In all seriousness, when I get the chance to take a breath, reflect and write (notice the time) it usually is when my heart is experiencing something that I’d note as a defining moment. A lot has happened in two years, don’t panic I’ll spare you the recap, and in light of being completely vulnerable a huge part of me feels defensive to let anyone know I’m yet again stepping into another season of change. I’ve wrestled with insecurity, worry (surprise), confusion and mainly trust over the past month or so and have reinforced the strong truth that I am a gold medalist over analyzer. Why is it extremely difficult to wade through the waters of discovering God’s plan for my life? If I was a betting woman I’d venture to say that I am not the only who has asked this question over and over and over and over again. It has become clear in my search that this difficulty comes with the lack of full knowledge and control of what happens next when we decide to trust the Lord fully with our life decisions. You see for the last five years I have been a school teacher and coach. I can tell you my heart jumps for joy when I go down the school supply aisle. I remember lining up different stuffed animals to be my students and giving them some type of differentiated lesson (I’m sure of it) on the alphabet and I cannot express the deep love I have for coaching up any athlete where not only skills of the game are learned, but so are the life lessons like perseverance and determination. During student teaching I remember the dreams and plans I made for the long career ahead of me in education and those dreams and plans have evolved as today became my last day at school as Coach H.

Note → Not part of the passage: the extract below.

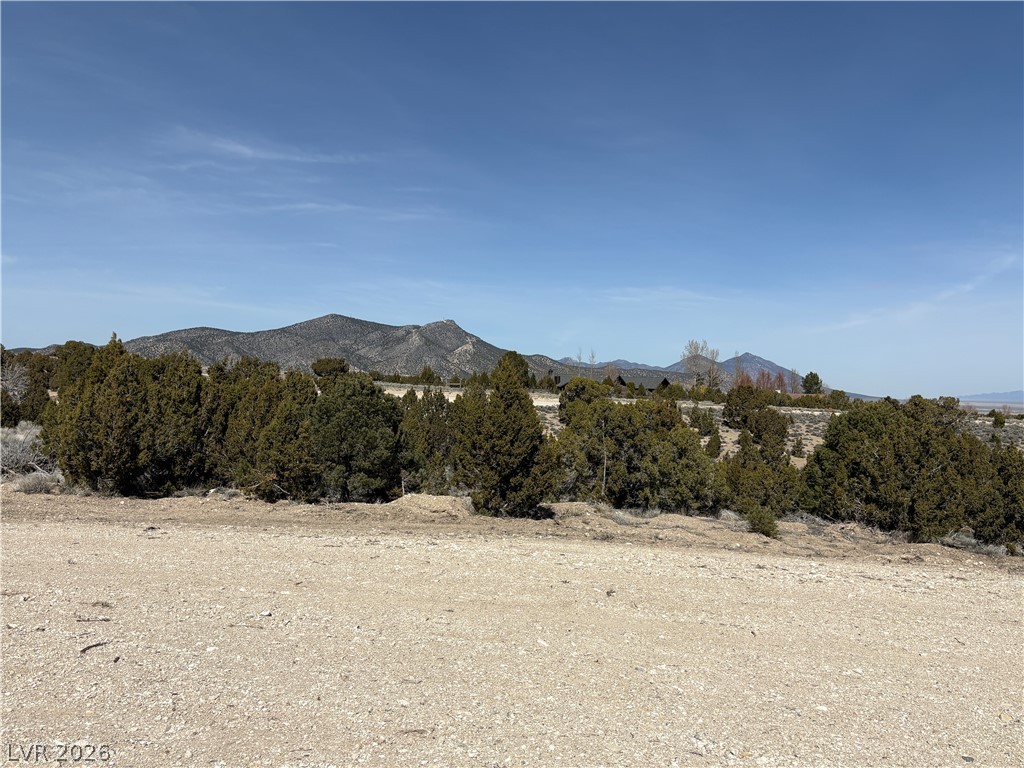 693 West Pinyon Pine Lane Ely NV 89301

It’s absolutely terrifying to step away from a career that I believed would later come to completion without pause and at my rewarded retirement. I never thought I would add to the short-lived years of teaching statistic, because I can list more than a million reasons of how rewarding teaching students has been for me and there are numerous reasons to continue teaching, BUT God’s plan is always greater and He knows the deep desires of our hearts. As much as math, sports and all of the “school breaks” are highlights, I must say that the opportunity to minister to young hearts freely about our Father, Jesus, and the Spirit, without certain parameters, is one dream I thought would never come along for me. Well, “nothing is impossible with God.” I have fervently prayed that whatever the circumstance I do my very best to follow where the Lord is leading and after many days of prayer for clarity it was made very evident that God has purposefully orchestrated a way for me to serve alongside the Church in Bentonville as their full time Associate Youth Minister starting mid July.

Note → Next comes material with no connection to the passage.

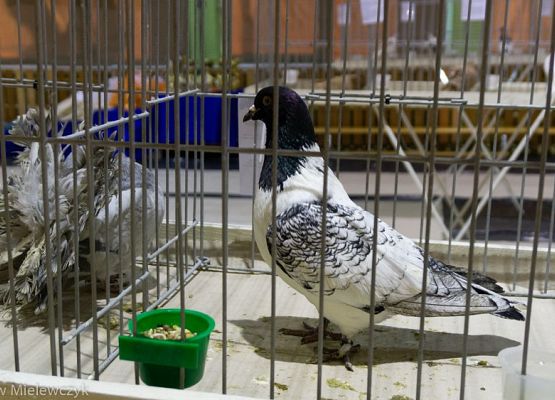 Grafika 7: III NOWOWIEJSKI POKAZ GOŁĘBII RASOWYCH I DROBIU RASOWEGO - RELACJA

Now while I am beyond excited and honored for the chance to take on this new position, I am most definitely practicing trust by faith over fear for taking on a job that allows for a different impact and a unique set of possible challenges. Yes there are new unknowns that I will face, but what is faith without reliance on God when we are stretched beyond our comfort zones? Plus how cool is it that one of the main reasons I wanted to teach was to make an impact on kids and God is giving me another chance to do so in partnership with the hands and feet of His Church?! I am blown away by how the Lord has perfectly given me pieces of the puzzle that have played an intricate part in the big picture of His plan for me right now.
Leaving something behind and moving forward toward something new, even if exciting, does not come without some tough emotions. I will miss the special relationships I made within the school community; saying goodbye to co workers that I grew to know and love in just one short year and saying goodbye to students who are asking you to stay is super hard. Change is tough, but I am deeply grateful for the years I spent teaching at Sulphur Springs Middle School, Rains High School, Rains Junior High, and Kirksey Middle School.
In the words of one of America’a Greatest Teachers, Mr. Feeny, I pray that you know “I love you all. Class dismissed.”
(Please excuse any spelling or grammatical errors, I taught math.)